The original question was the etymology of <moneo:>. You tried to argue
that -- contrary to communis opinio -- it comes from *menh2-, the
alleged by-form of *mneh2-. What you posit here _is_ schwebeablaut in a
verb root, and worse still, it's precisely the arbitrarily invoked,
sloppy kind of schwebeablaut that haunted IE studies but was put to rest
by Raimo Anttila in his book. If you have read him, you know what I
mean. It has nothing to do with the vocalism of accentually mobile nouns
(like *gWen-h2-/*gWn-ah2-), which is governed by different
morphophonological rules.

Let me repeat: the derivation of *mon-éje/o- from *men- 'think,
consider' as a handbook example of a PIE causative is impeccable
notwithstanding your noisy propaganda to the contrary. 'To make sb.

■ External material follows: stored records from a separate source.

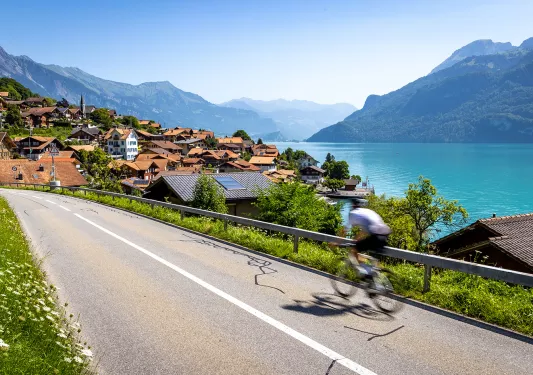 Guest cycling towards red-roofed mountain town.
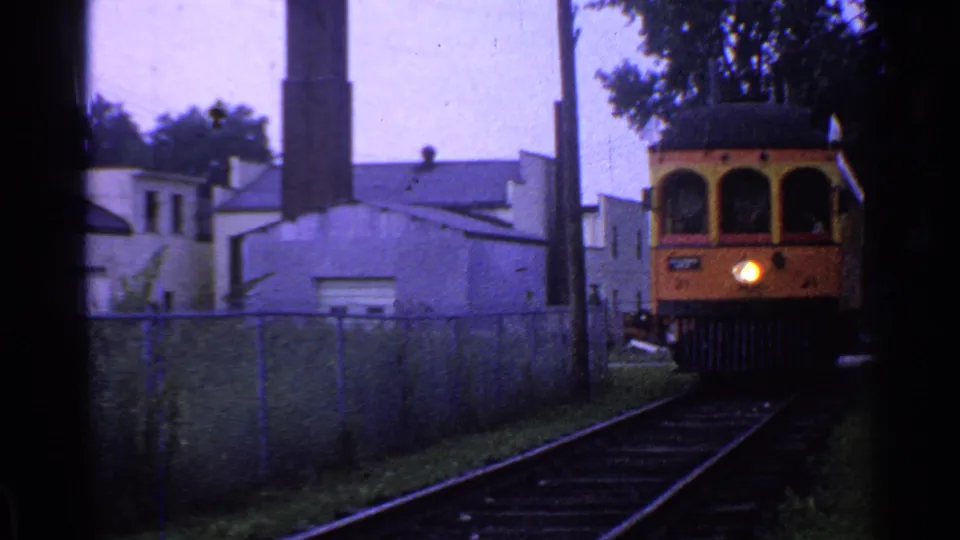 1953 Connecticut frame showing the yellow rail vehicle partly at right as it passes along tracks beside industrial buildings and a chain-link fence.
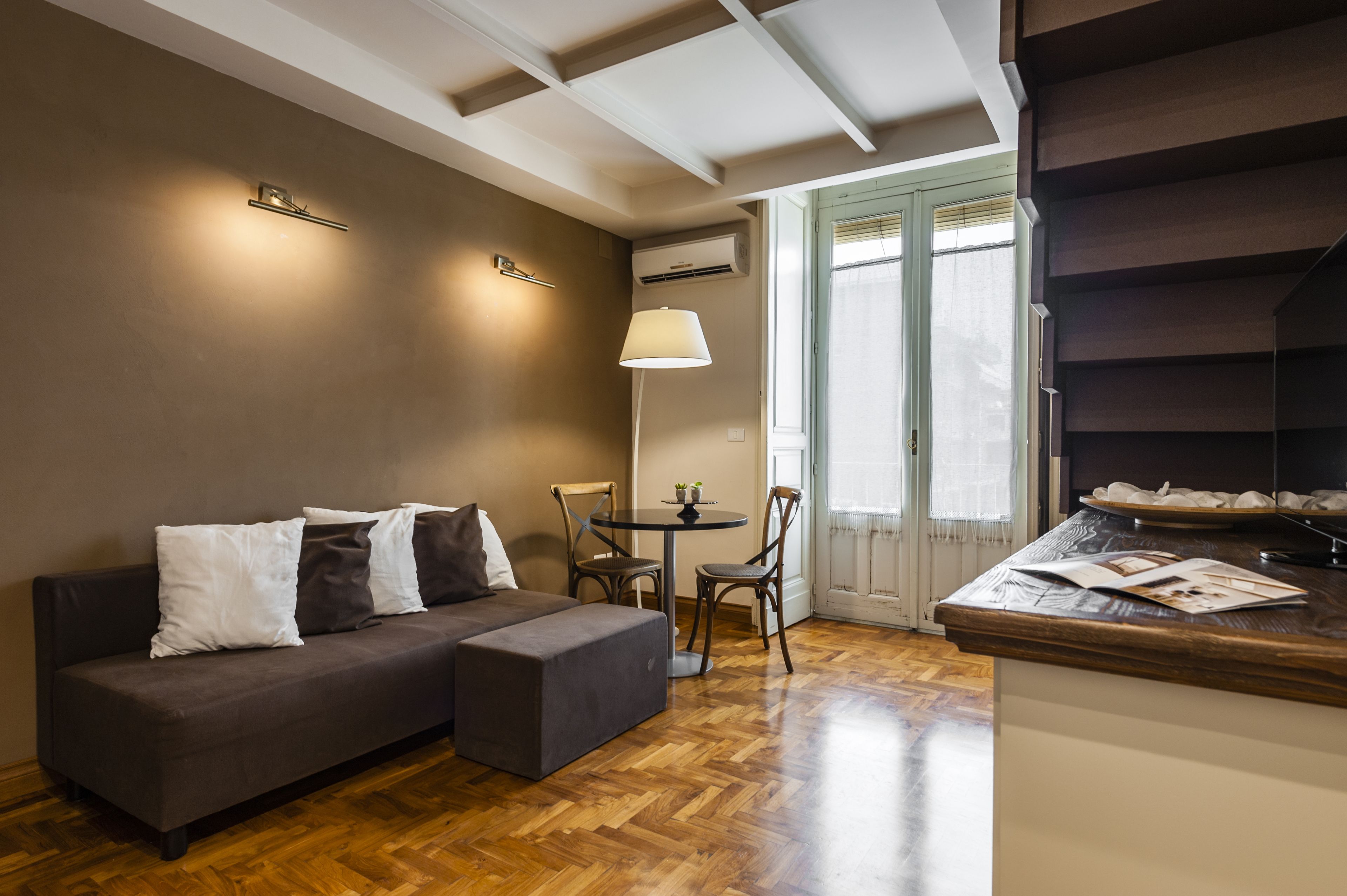 Un salon moderne avec un canapé, une petite table et des chaises. On y trouve une lampe, une fenêtre avec des stores et un plancher en bois.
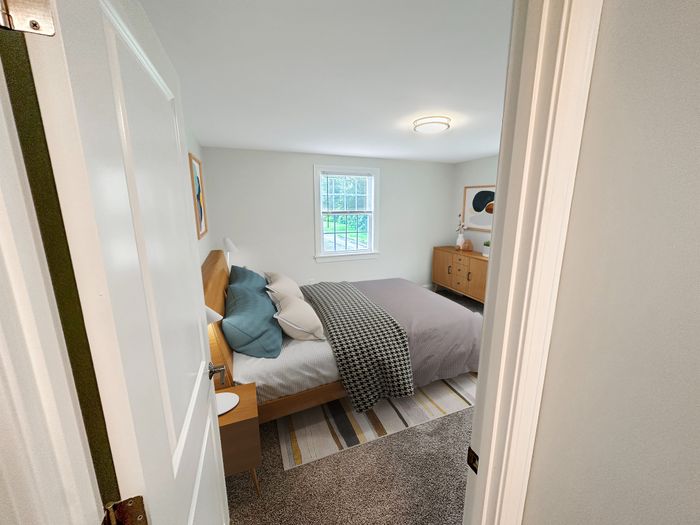 Cozy bedroom with large window, natural light, and plush carpeting in a staged apartment at Westgate Arms in Salem, New Hampshire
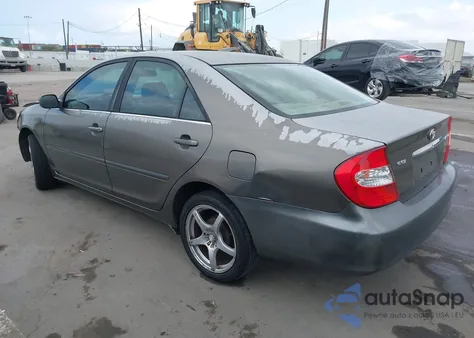 2003 Toyota Camry Le from USA, damaged, VIN 4T1BE32K03U732051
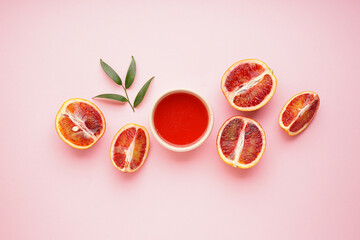 Halves of blood oranges and glass of blood orange juice on a pink background. Top view.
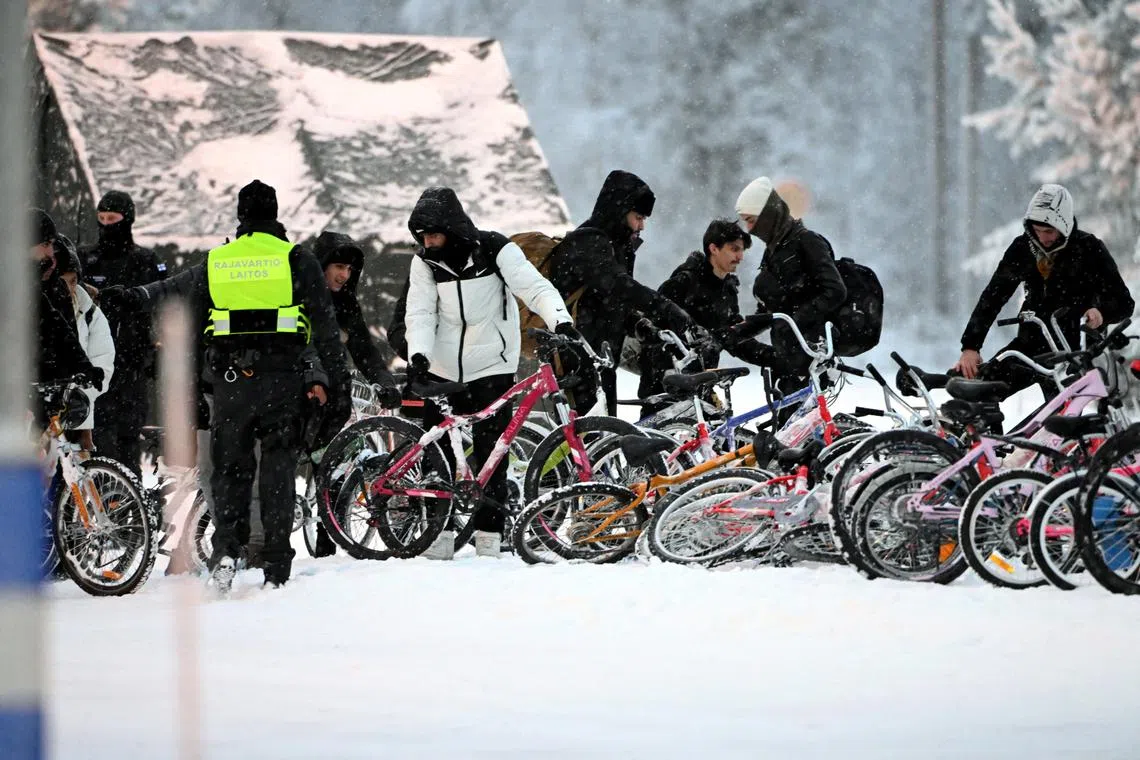 FILE PHOTO: Migrants arrive with bicycles to the international border crossing at Salla, northern Finland, November 23, 2023.  Lehtikuva/Jussi Nukari via REUTERS/File Photo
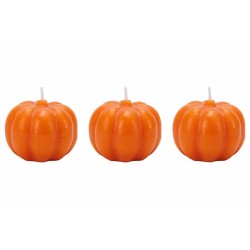 Three small, glossy orange pumpkin candles with ridged surfaces and white wicks.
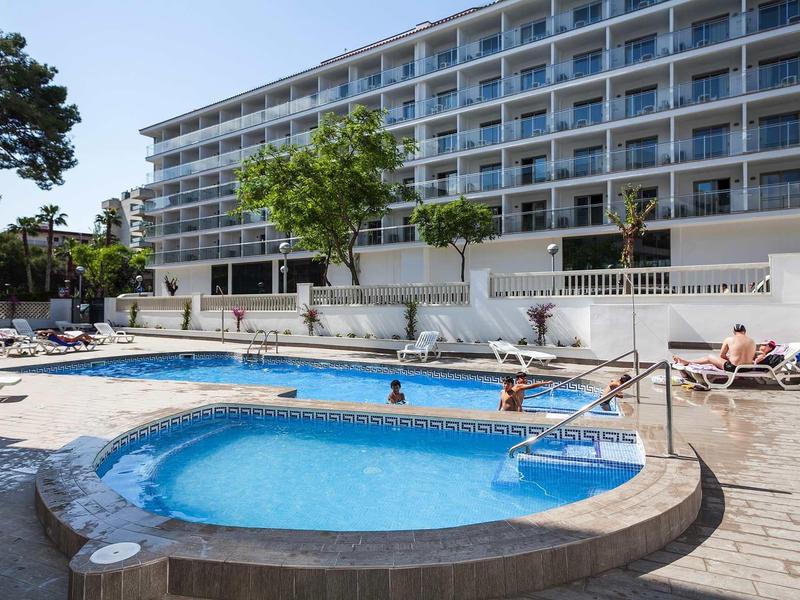 Piscina esterna con vasca idromassaggio davanti a un hotel su più piani con lettini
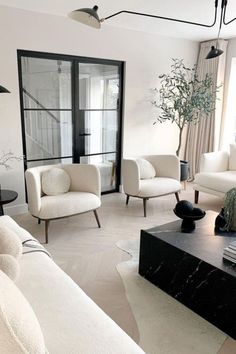 a living room filled with white furniture and a black coffee table in front of a window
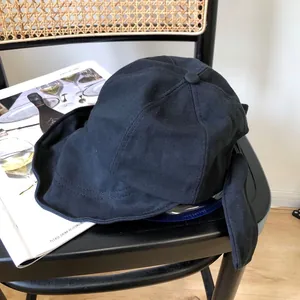 Detalle de un sombrero de sol negro de ala ancha con un elegante lazo en la parte posterior.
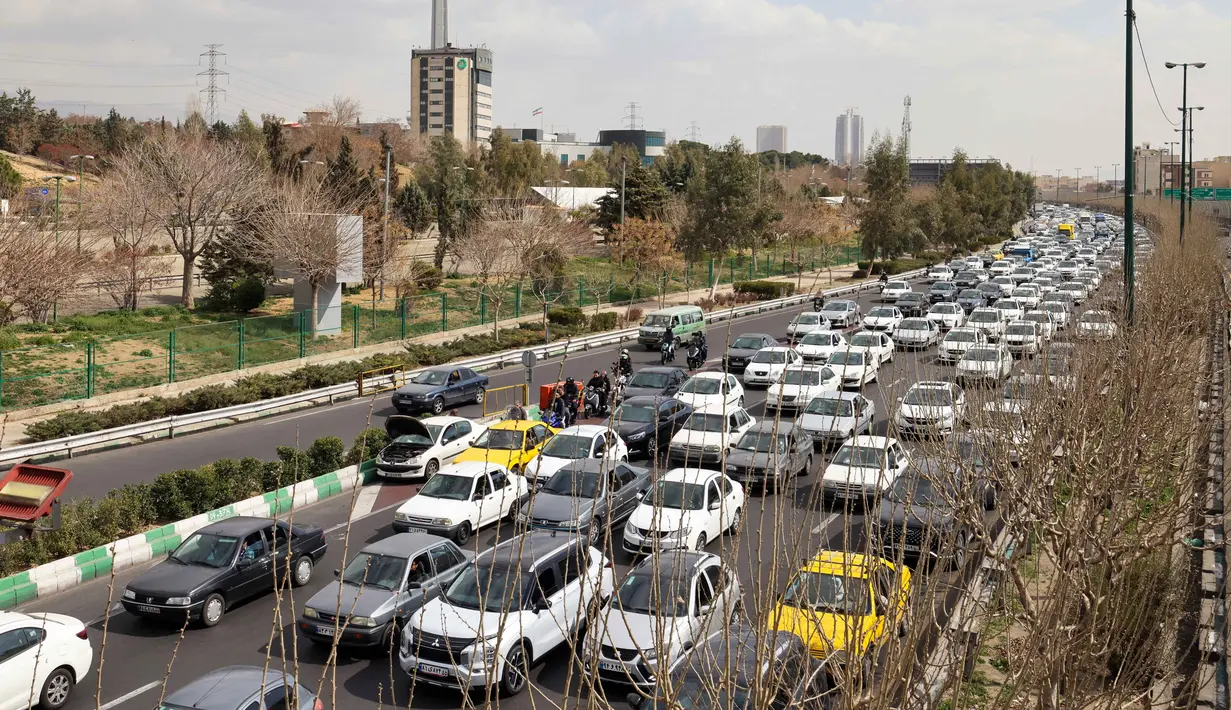 Banyak warga Iran mulai meninggalkan kota untuk mencari keselamatan. Tampak dalam foto, para pengendara mobil melintas di sebuah jalan di Teheran, Iran pada Sabtu 28 Februari 2026. (Atta KENARE/AFP)
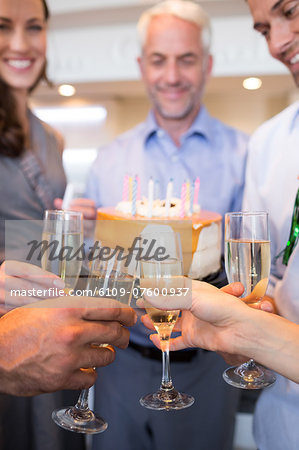 Closeup of people with champagne flutes and cake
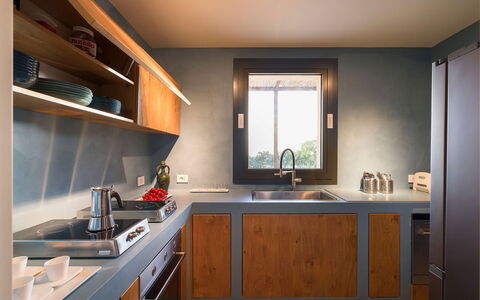 Villa Miriam: Kitchen, Countertop, Furniture, Interior Design, Wood, Cabinetry, Kitchen Appliance, Flooring, Lighting, Home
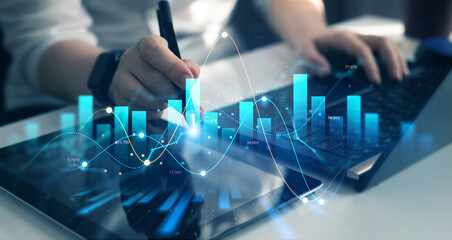 Businessman analysing economic growth graph financial data on laptop. Stock market investment. Financial and banking Technology. Business strategy and digital marketing concept.	
 - Powered by Adobe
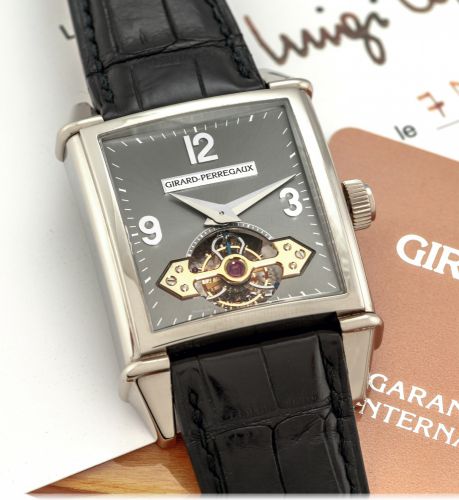 GIRARD-PERREGAUX REF. 9985 VINTAGE TOURBILLON SOUS UN PONT D'OR WHITE GOLD.Girard-Perregaux, Tourbillon Automatique, No. 14 OG, Ref. 9985. Sold on December 7th, 2006..Very fine and rare, large, rectangular curved, self-winding, 18K white gold wristwatch w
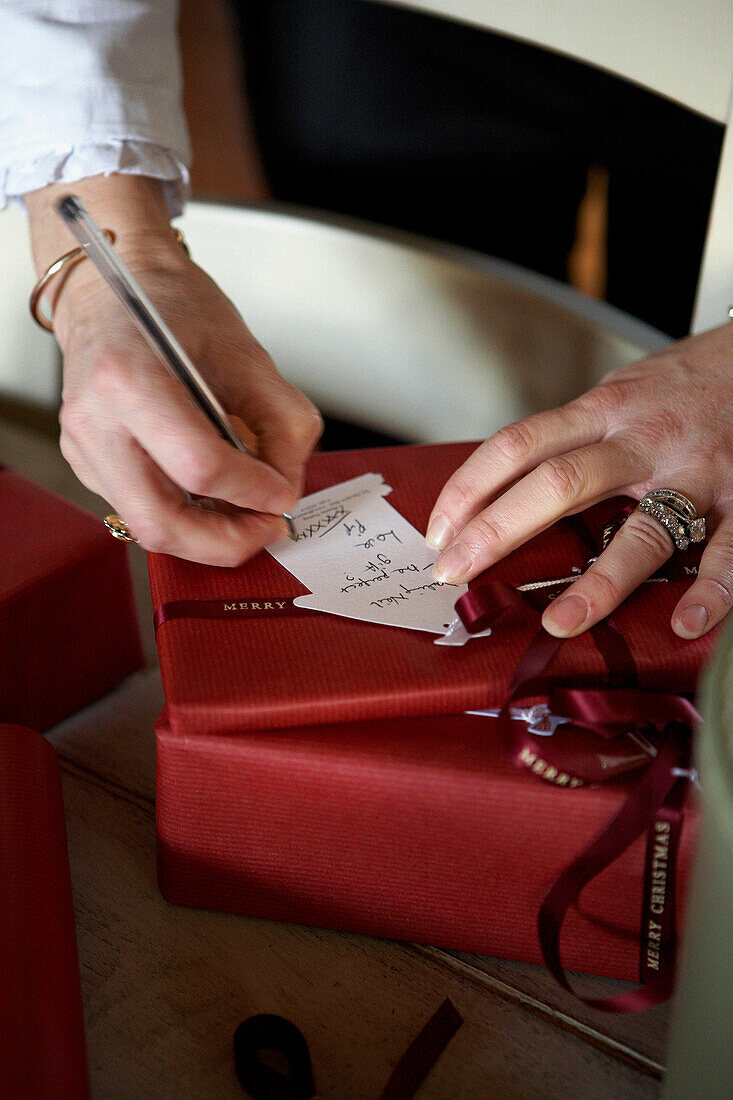 Frau schreibt Geschenkanhänger auf mit Band verpackte Weihnachtsgeschenke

think about sth.' --> 'to warn sb. of sth.' is a straightforward and
requires no leap of faith. The objection that Schrijver's
delabialisation should apply in *mon-éje/o- would only be valid if
Schrijver's rule were well established, which it isn't; the evidence for
it is weaker than the evidence for <moneo:> being what everyone but you
thinks it is. Actually it's the proponents of the delabialising rule who
should rethink it in the light of <moneo:> (_and_ <mora>) rather than
the other way round. One could just as well insist that *moRH- > *maRH-
and reconstruct a laryngeal in <mare> and <manus>. There is no
independent evidence for such a thing either, but at least it wouldn't
contradict any generally accepted etymologies.